Professor Mack has written and edited some eleven monographs and books and his 50 plus scholarly articles have appeared in a wide range of journals including: World Politics, The Washington Quarterly, British Journal of International Studies, World Policy, Foreign Policy, Comparative Politics, The Journal of Conflict Resolution, Journal of Peace Research, Politics, Security Dialogue, Arms Control, Asian Survey, Australian Journal of International Affairs and Pacific Review. He has also published widely in the mainstream print media including the International Herald Tribune, The Economist, The Guardian, Le Monde Diplomatique, Newsday, Yomiuri Shimbun, The Australian, The Financial Review, The Sydney Morning Herald, Corriere Della Sierra, the Far Eastern Economic Review, The Japan Times, New Scientist, The Bulletin, The New Zealand Herald, The Christian Science Monitor, The Globe and Mail, the Ottawa Citizen, The Nation and the South China Morning Post. He also frequently contributes to radio and TV programs in many countries.

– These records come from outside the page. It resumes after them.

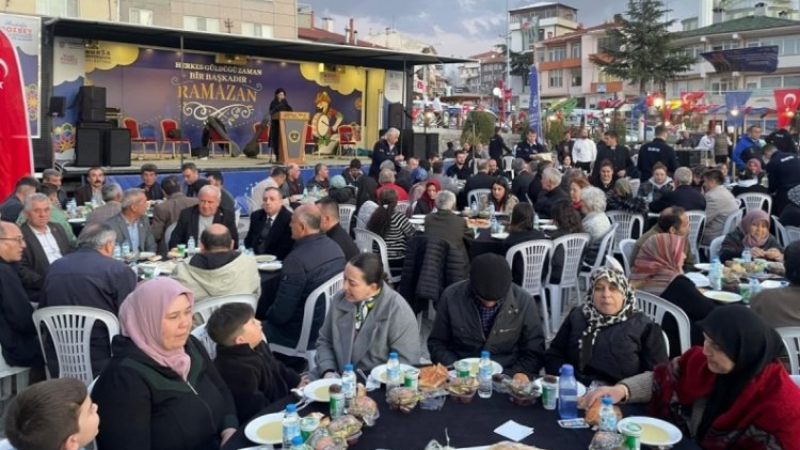 Bursa Harmancık paylaşmanın ve dayanışmanın örneğini gösterdi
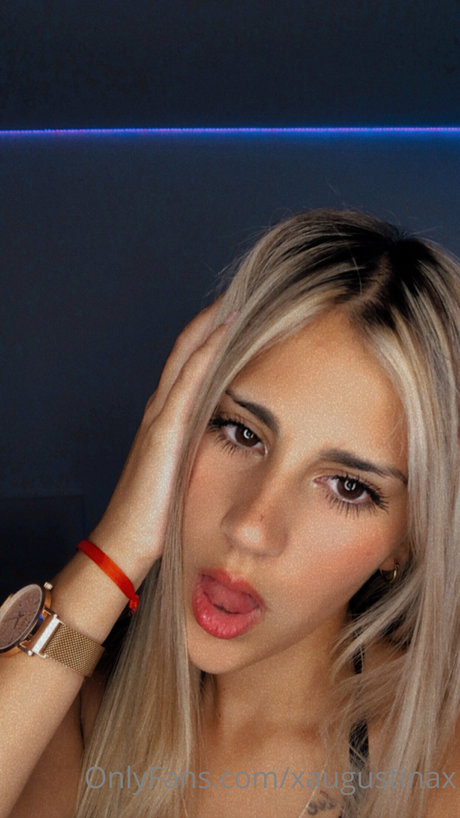 Augustina 18 jolie actrice image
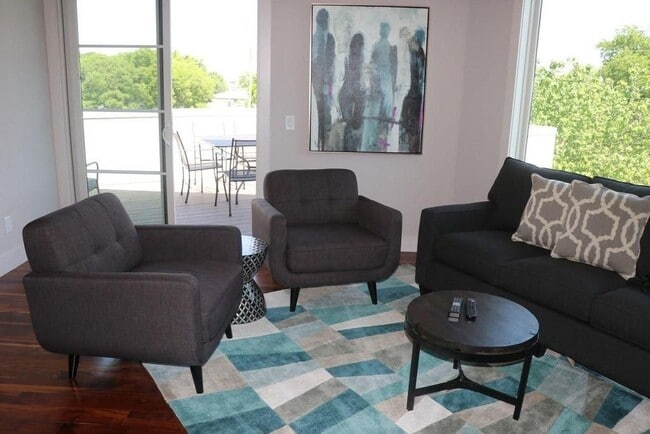 Building Photo - 927 13th Ave S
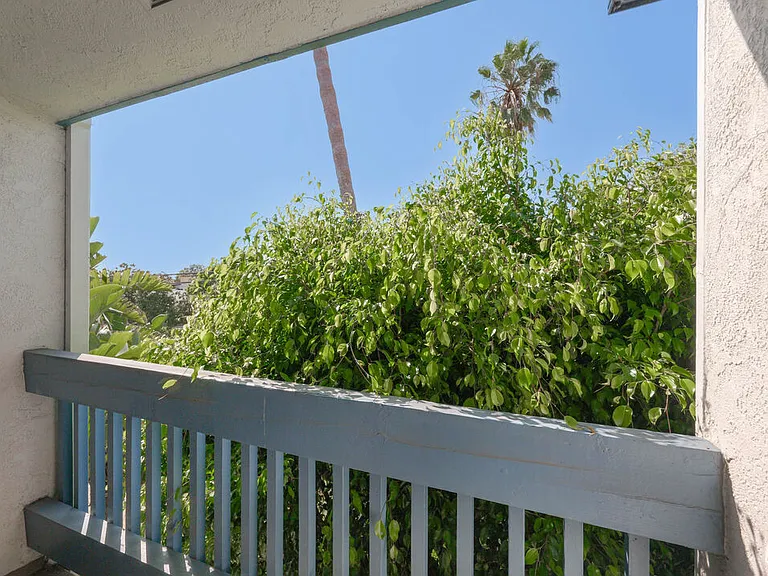 1502 Idaho Ave — Photo 31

His pre-academic career included six years in the Royal Air Force (engineer and pilot); two and a half years in Antarctica as a meteorologist and Deputy Base Commander; a year as a diamond prospector in Sierra Leone and two years with the BBC’s World Service producing the current affairs program ‘The World Today’.

 

About The Lectures

Friends of the Institute for Conflict Analysis and Resolution and prominent Virginians, Edwin and Helen Lynch, made a substantial gift to the University in 1987 to establish a Chair, in the name of Edwin’s parents, Vernon M. and Minnie I. Lynch. Former recipients of this position are the late Dr. James H. Laue, Dr. Kevin Clements and Dr. Daniel Druckman. This evening is a celebration of the new chair, Dr. Sandra Cheldelin. The Lynches have continued to provide invaluable support, both material and spiritual, to the Institute.

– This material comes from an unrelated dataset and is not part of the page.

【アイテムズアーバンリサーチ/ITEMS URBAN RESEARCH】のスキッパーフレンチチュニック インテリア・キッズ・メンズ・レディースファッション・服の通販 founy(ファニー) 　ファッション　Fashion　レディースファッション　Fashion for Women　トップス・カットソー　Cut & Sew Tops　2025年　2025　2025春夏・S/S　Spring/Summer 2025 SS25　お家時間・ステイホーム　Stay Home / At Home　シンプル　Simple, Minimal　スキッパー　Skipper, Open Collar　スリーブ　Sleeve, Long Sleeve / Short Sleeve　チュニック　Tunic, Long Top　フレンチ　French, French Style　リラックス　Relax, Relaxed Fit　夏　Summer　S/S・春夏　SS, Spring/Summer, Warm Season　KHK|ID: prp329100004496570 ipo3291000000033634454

In order to bring the idea and theory of conflict analysis and resolution to the attention of the entire University community, and in gratitude to Mr. and Mrs. Lynch, the Institute establ-ished the annual Lynch Lecture series. Previous lecturers are: James H. Laue (1987), John W. Burton (1989), Elise and Kenneth Boulding (1990), Richard E. Rubenstein (1991), Ambassador Samuel E. Lewis (1992), Roger Wilkins (1993), Deborah M. Kolb (1994), Rajmohan Gandhi (1995), Johan Galtung (1996), Anatol Rapoport (1997), Donald W. Shriver, Jr. (1998), Ronald J. Fisher (1999), Daniel Garcia Pena (2000), Pumla Goboda Madikizela (2001), Kevin Clements (2002), Glyn Ford (2003), Richard Falk (2004) and Luis Moreno-Ocampo (2005). The Lynch Lectures are published as Occasional Papers by the Institute and are available from the George Mason University Bookstore.